Wednesday, Aug. 30, 2006 | Thanks for publishing Rob Davis“State Parks Feel Pinch of Region’s Growth.”

State Park Superintendent Mike Wells makes a point at the end of the article that I think hints at the the underlying forces actually responsible for what we’re experiencing.

Wells says that development pressures have typified his 31-year park career. Pressures for land use and development have been present for all public parks – stae, county, and national – since the beginning.

That’s not the story. The story actually lies in the political will that is now predominant across the US. I don’t think our country’s parks have ever before felt such peril – not even in the boisterous era of President Reagan and his then-Secretary of the Interior Watts.

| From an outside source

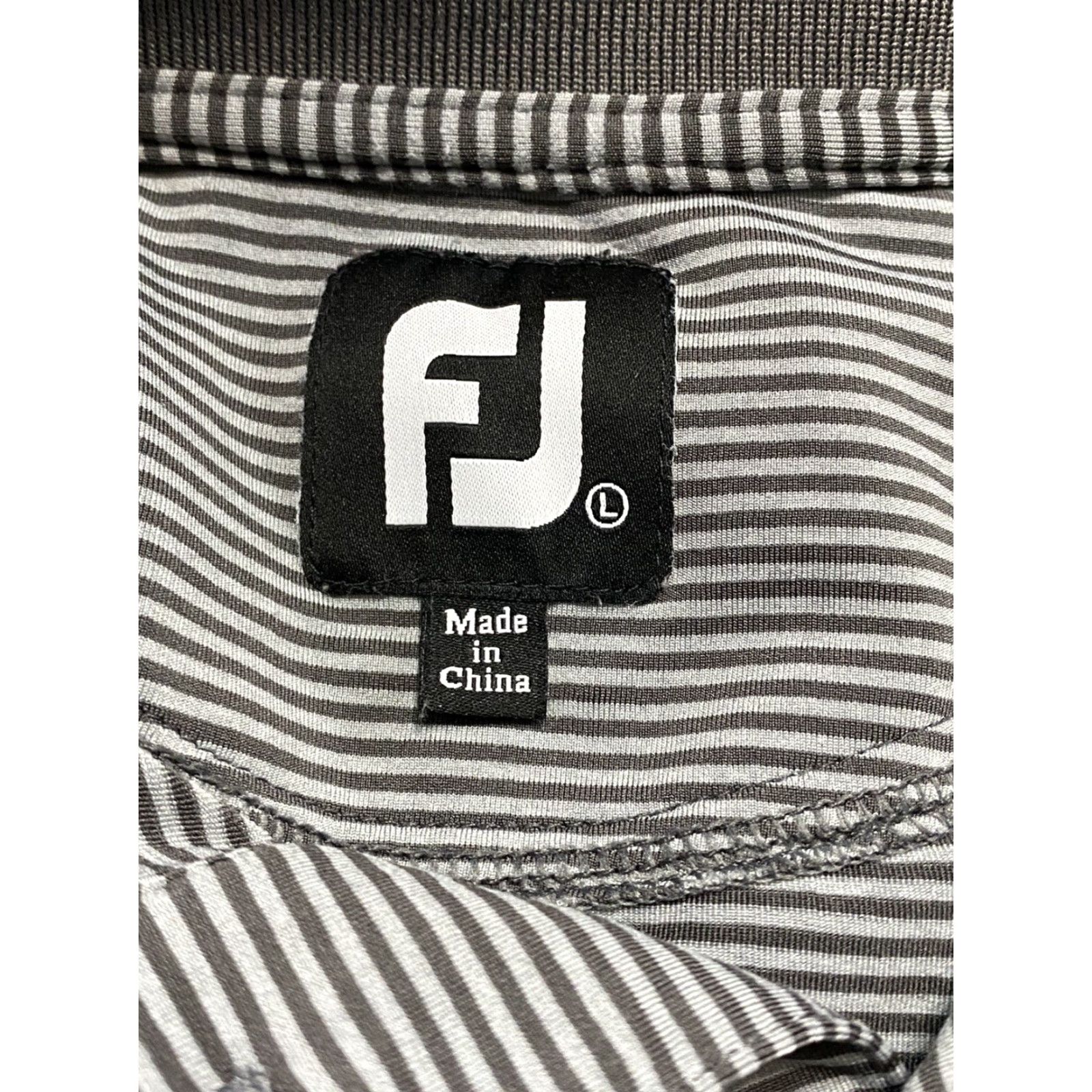 Footjoy Footjoy Mens Polo Shirt Striped Polyester Size Large Black Gray Striped Polo Shirt Mens Size US L / EU 52-54 / 3 - 6 Thumbnail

It may have helped that that administration’s efforts were so boisterous. The things they uttered as they announced their decisions figuratively shot themselves in the foot. And luckily, all that came right on the heels of the developing environmental movement, so there were a lot of people all hopped up and ready to go.

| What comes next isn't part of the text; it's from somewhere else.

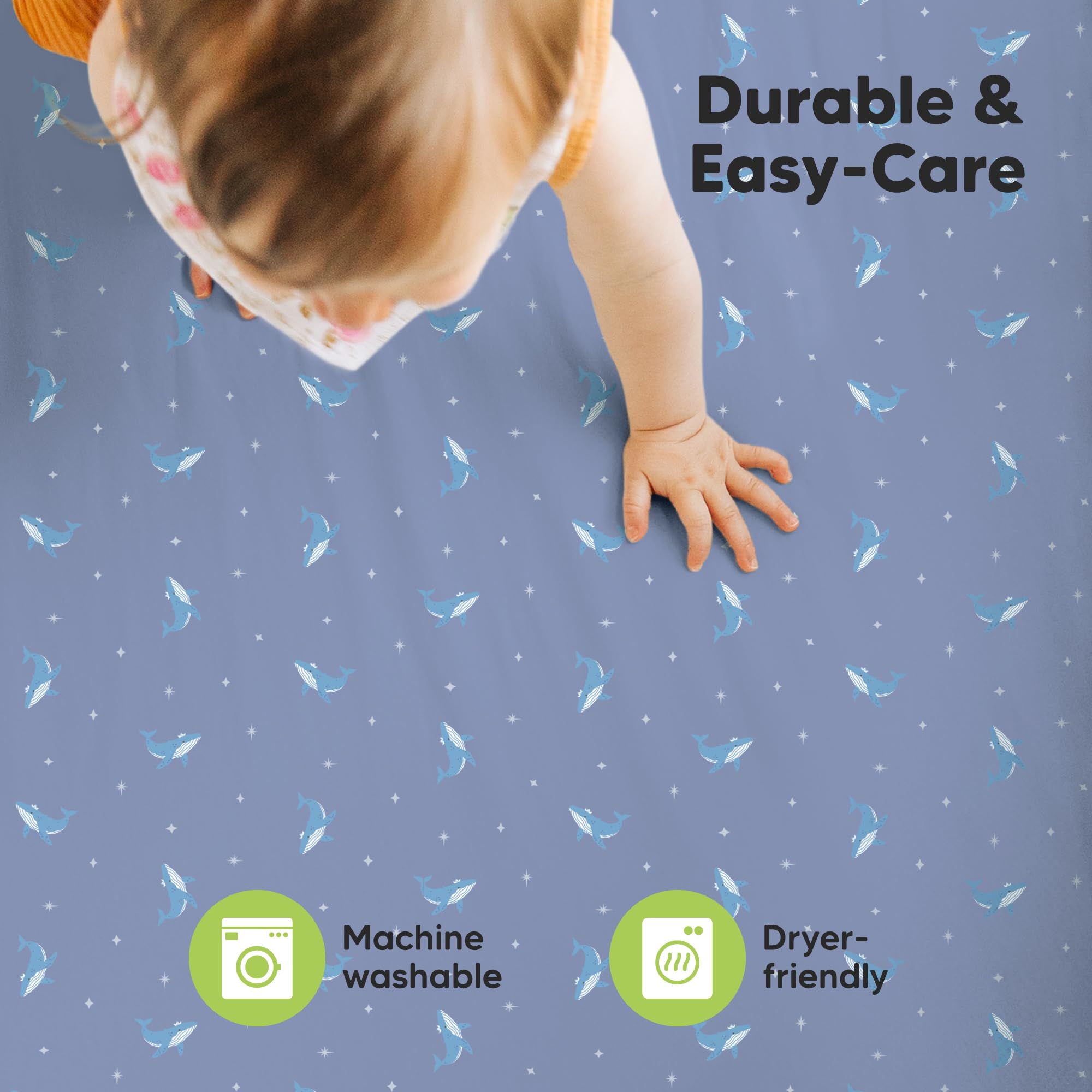 KeaBabies Marine Muse sheets offer soft, neutral bedding for any nursery setup.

But now, taking advantage of the large cycles of political will, those with power and those fighting for power have learned to be more insidious, more quiet in their chipping away at modern reforms.

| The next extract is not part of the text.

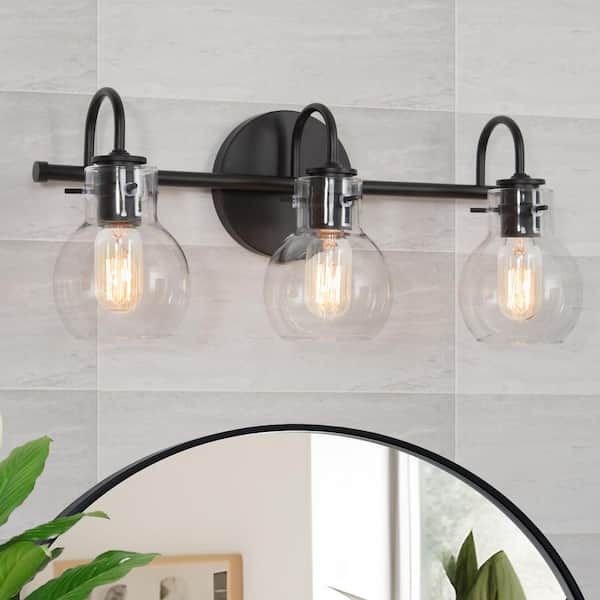 LNC Modern Industrial 22 in. 3-Light Black Bathroom Vanity Light Wall Sconce with Clear Globe Glass Shades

Even Earth Day has been co-opted into the fashion of lip service. Real resistance to the erosion of wilderness and park areas is politically insignificant.

It’s not that there are more developers now, or more people – it’s that the political will is against protecting nature.

The predominant ethic is that it is a resource. More than ever before, people of this persuasion are in power and those who would disagree are locked out.

I agree with Wells, that “parks have become exceptional areas” – really, exceptional in more ways than one.